Monday, 06 July 2026
Hukum & Kriminal

Penemuan 55 Kg Platinum di Kendaraan Bupati Langkat

Komisi Pemberantasan Korupsi (KPK) menemukan logam mulia seberat 55 kilogram di mobil Bupati Langkat, Syah Afandin, dalam operasi tangkap tangan yang dilakukan pada Kamis lalu.

S
Stephanie Marissa
05 July 2026 33 pembaca
KPK menemukan logam mulia jenis platina atau platinum seberat 55 kilogram di mobil milik Bupati Langkat, Syah Afandin alias Ondim. ANTARA FOTO/Hafidz Mubarak A
KPK menemukan logam mulia jenis platina atau platinum seberat 55 kilogram di mobil milik Bupati Langkat, Syah Afandin alias Ondim. ANTARA FOTO/Hafidz Mubarak A

Jakarta, KPK berhasil menemukan logam mulia jenis platinum seberat 55 kilogram di kendaraan milik Bupati Langkat, Syah Afandin, yang lebih dikenal dengan nama Ondim. Penemuan ini terjadi dalam rangkaian Operasi Tangkap Tangan (OTT) yang dilaksanakan pada hari Kamis, 2 Juli.

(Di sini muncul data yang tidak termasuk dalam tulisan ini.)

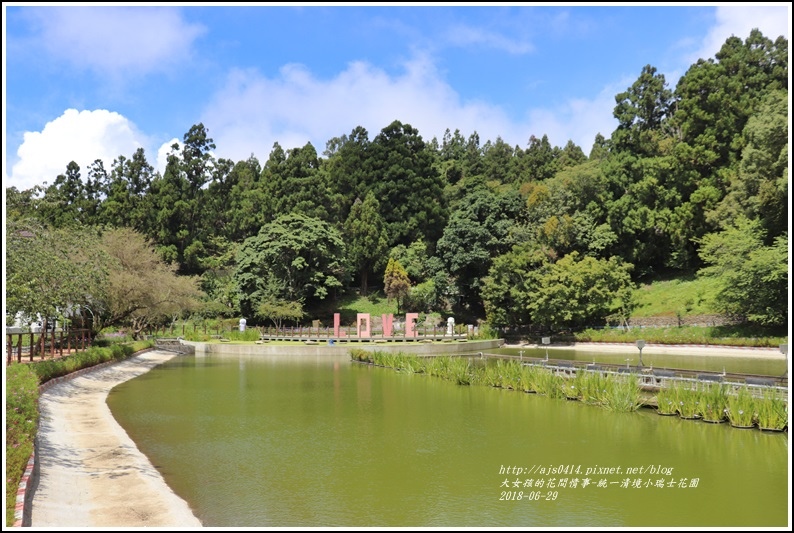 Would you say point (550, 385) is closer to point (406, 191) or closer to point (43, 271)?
point (43, 271)

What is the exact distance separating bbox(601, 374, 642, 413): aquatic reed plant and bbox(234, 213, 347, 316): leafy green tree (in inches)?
1311

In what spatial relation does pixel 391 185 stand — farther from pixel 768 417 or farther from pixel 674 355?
pixel 768 417

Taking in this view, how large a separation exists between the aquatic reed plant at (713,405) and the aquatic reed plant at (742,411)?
24 centimetres

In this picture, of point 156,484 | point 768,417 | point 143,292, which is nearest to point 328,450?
point 156,484

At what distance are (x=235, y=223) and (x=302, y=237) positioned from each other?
514 inches

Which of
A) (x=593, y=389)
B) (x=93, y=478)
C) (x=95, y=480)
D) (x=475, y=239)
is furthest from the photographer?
(x=475, y=239)

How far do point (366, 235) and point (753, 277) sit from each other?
102ft

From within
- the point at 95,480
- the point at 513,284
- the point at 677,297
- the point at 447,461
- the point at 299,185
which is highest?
the point at 299,185

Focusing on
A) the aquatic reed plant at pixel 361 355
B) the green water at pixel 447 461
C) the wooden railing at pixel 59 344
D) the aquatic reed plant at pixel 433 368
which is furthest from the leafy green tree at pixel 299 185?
the green water at pixel 447 461

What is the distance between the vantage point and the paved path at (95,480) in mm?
7547

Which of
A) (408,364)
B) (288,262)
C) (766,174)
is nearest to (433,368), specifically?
(408,364)

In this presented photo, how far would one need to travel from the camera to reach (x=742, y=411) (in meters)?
13.0

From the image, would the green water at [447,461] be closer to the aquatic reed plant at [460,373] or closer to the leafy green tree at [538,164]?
the aquatic reed plant at [460,373]

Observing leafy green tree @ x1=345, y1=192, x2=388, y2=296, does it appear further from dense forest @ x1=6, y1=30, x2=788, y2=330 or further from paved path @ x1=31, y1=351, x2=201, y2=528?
paved path @ x1=31, y1=351, x2=201, y2=528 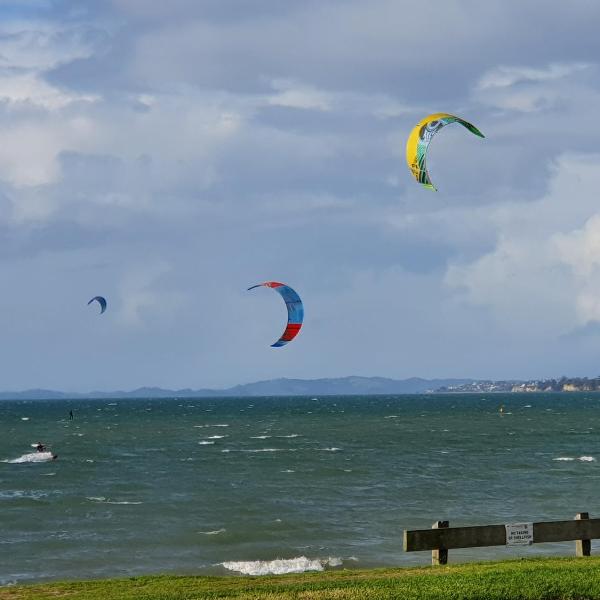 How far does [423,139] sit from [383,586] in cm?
1400

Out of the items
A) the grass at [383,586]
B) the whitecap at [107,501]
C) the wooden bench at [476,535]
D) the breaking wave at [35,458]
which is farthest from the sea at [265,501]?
the wooden bench at [476,535]

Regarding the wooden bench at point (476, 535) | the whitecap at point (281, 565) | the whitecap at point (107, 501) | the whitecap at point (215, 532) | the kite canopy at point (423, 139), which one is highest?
the kite canopy at point (423, 139)

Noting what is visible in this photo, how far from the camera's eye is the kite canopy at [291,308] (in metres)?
35.0

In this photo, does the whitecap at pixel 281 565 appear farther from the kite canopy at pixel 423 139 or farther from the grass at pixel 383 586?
the kite canopy at pixel 423 139

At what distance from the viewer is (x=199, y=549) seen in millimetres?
29016

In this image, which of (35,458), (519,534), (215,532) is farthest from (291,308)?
(35,458)

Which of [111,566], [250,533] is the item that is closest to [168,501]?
[250,533]

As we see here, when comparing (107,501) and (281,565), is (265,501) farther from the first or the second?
(281,565)

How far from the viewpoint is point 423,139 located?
25.7m

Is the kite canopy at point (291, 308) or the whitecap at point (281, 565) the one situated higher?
the kite canopy at point (291, 308)

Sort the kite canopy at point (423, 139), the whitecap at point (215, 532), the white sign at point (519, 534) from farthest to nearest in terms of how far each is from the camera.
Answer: the whitecap at point (215, 532), the kite canopy at point (423, 139), the white sign at point (519, 534)

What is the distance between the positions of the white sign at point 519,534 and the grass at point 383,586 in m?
0.46

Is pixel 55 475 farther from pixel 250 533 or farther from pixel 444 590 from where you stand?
pixel 444 590

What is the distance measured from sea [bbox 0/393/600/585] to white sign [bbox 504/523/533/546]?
7518 millimetres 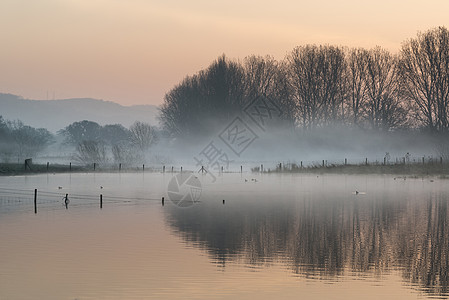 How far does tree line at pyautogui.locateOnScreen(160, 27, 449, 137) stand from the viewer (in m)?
108

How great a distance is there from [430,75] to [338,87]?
53.7 feet

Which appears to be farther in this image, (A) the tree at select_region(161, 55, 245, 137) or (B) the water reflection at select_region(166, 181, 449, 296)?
(A) the tree at select_region(161, 55, 245, 137)

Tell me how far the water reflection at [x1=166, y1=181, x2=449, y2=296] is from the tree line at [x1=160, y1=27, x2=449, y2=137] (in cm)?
5110

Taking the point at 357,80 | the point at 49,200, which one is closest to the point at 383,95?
the point at 357,80

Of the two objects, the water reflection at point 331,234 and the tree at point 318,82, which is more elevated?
the tree at point 318,82

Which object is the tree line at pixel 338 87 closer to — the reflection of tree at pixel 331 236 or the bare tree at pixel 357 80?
the bare tree at pixel 357 80

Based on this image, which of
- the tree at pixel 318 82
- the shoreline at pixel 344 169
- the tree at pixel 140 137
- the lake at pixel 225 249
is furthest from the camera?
the tree at pixel 140 137

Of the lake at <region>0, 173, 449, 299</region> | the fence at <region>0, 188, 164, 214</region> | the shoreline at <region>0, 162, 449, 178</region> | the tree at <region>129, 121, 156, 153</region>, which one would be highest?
the tree at <region>129, 121, 156, 153</region>

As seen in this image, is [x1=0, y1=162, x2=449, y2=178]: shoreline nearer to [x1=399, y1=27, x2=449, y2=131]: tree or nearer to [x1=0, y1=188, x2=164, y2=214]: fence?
[x1=399, y1=27, x2=449, y2=131]: tree

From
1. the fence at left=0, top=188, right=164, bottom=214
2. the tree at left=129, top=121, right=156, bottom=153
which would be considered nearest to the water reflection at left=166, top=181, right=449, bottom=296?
the fence at left=0, top=188, right=164, bottom=214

Dalam konferensi pers yang diadakan pada Jumat, 3 Juli, Plt Direktur Penyidikan KPK, Achmad Taufik Husein, mengungkapkan, "Tim juga menemukan 55 keping logam platinum dengan total berat kurang lebih 55 kilogram di mobil SAF." Dari penelusuran awal, KPK memperkirakan nilai satu keping logam tersebut sekitar Rp900 juta, sehingga total nilai keseluruhan diperkirakan mencapai puluhan miliar rupiah.

Estimasi Nilai Logam Mulia

Taufik menjelaskan, "Dugaan awal itu ada nilainya karena kalau kita browsing di website yang umum bahwa itu bernilai per kepingnya itu Rp900 jutaan. Sudah dicek di website sehingga kalau dikalikan 55 keping itu sekitar Rp40-an miliar." Penyidik berencana untuk meminta klarifikasi dari Syah mengenai asal-usul logam mulia tersebut dan akan melibatkan ahli untuk memastikan keasliannya.

Ia menambahkan, "Terkait dengan keasliannya juga kita akan minta kepada ahli mungkin dari Antam, Pegadaian yang memang mempunyai kualifikasi untuk mengetahui barang itu asli atau tidak."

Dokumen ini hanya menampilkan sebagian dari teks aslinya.